INPUT DATA:
- - - - -

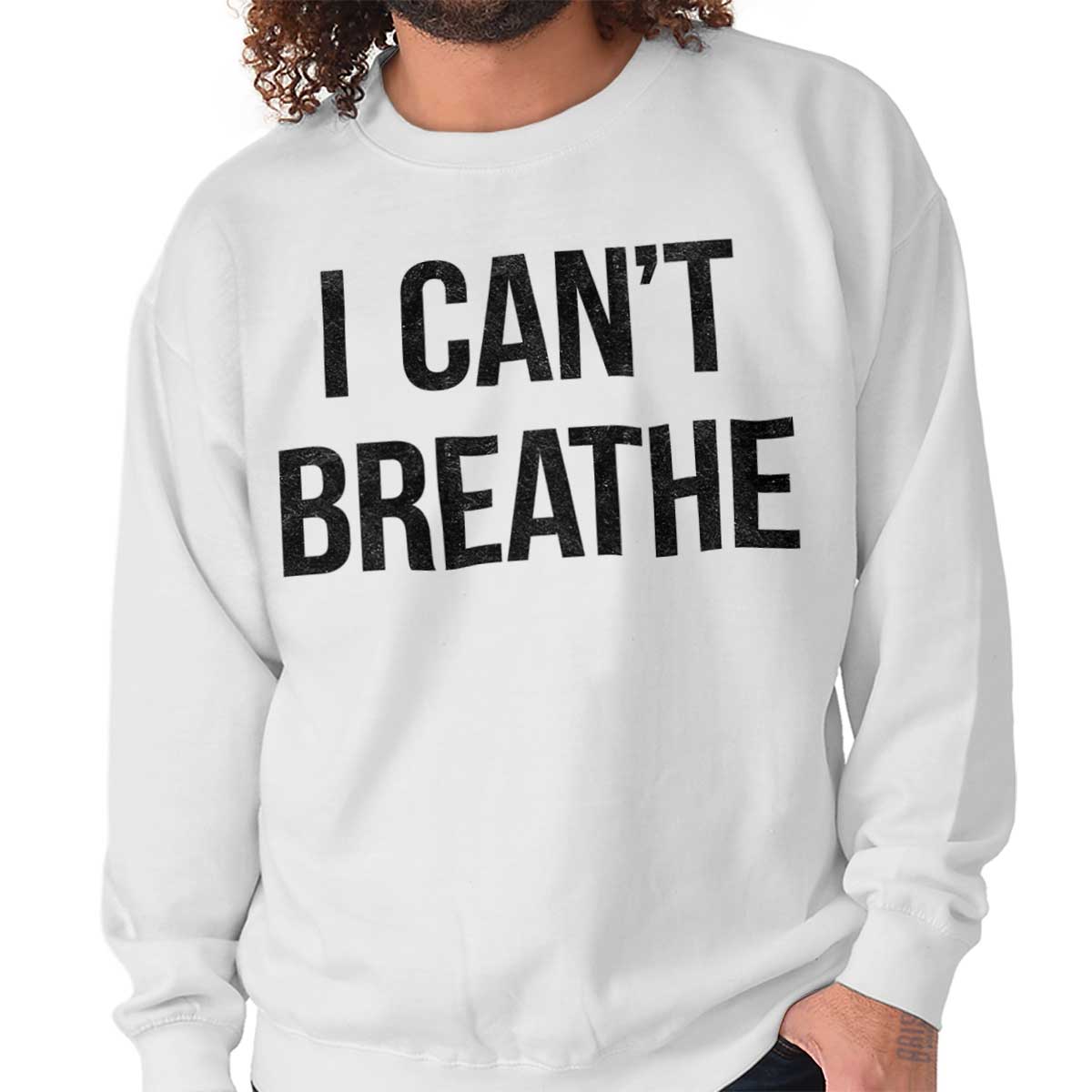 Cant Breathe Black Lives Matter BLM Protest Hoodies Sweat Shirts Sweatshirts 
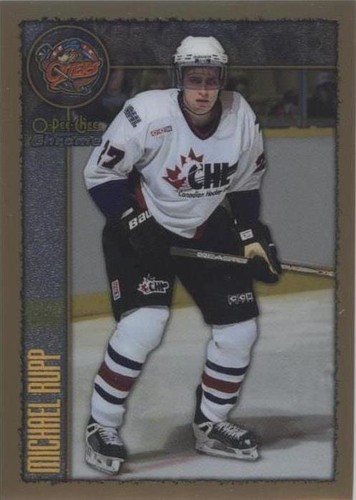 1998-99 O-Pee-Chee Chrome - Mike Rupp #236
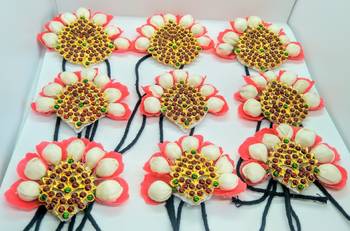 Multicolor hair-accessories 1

- - - - -

WORK REQUEST:
The material above holds pictures; copy everything else in it exactly.

TASK RESPONSE:
 Cant Breathe Black Lives Matter BLM Protest Hoodies Sweat Shirts Sweatshirts 
 1998-99 O-Pee-Chee Chrome - Mike Rupp #236
 Multicolor hair-accessories 1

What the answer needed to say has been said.